Table 3. Haplotype main effect and conditional haplotype-based analysis tests (MHF>0.01).
| Haplotype | S1 | S2 | S3 | F(case/control) | χ2 | OR (95%CI) | Asymptotic P-value | P FDR-BH |
|---|---|---|---|---|---|---|---|---|
| H1 | T | A | T | 0.362/0.267 | 8.424 | 1.540 (1.030–2.380) | 0.004 | 0.016 |
| H2 | C | C | T | 0.031/0.047 | 1.386 | 0.239 | 0.319 | |
| H3 | C | A | C | 0.010/0.012 | 0.260 | 0.610 | 0.610 | |
| H4 | C | C | C | 0.599/0.674 | 4.892 | 0.720 (0.490–0.910) | 0.027 | 0.054 |
| Pcond | 0.85 | 0.57 | 0.25 |
MHF: minor haplotype frequency; H1, H2, H3, H4 represented haplotype1, haplotype2, haplotype3, haplotype4, respectively.
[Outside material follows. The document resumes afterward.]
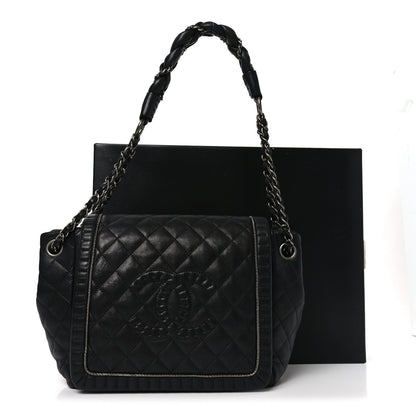 Calfskin Quilted Istanbul Accordion Flap Black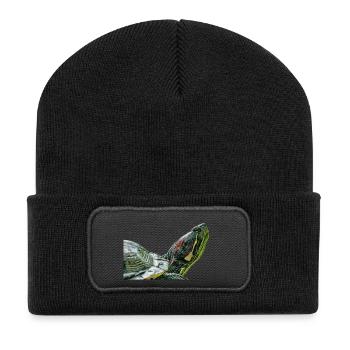 turtle tortoise - Recycled Patch Beanie - black - Front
S1, S2, S3 represented SNP rs870142, rs16835979, rs6824295, respectively. F(case/control) represented haplotype frequency in the cases and controls. OR (95%CI) and asymptotic P-value denoted haplotypic odds ratio and P-value in the haplotype association analysis. PFDR-BH denoted the P-value after performing multiple testing corrections with FDR-BH method. Pcond denoted P-value in the conditional test which determined whether the haplotype association could be attributive to that single SNP.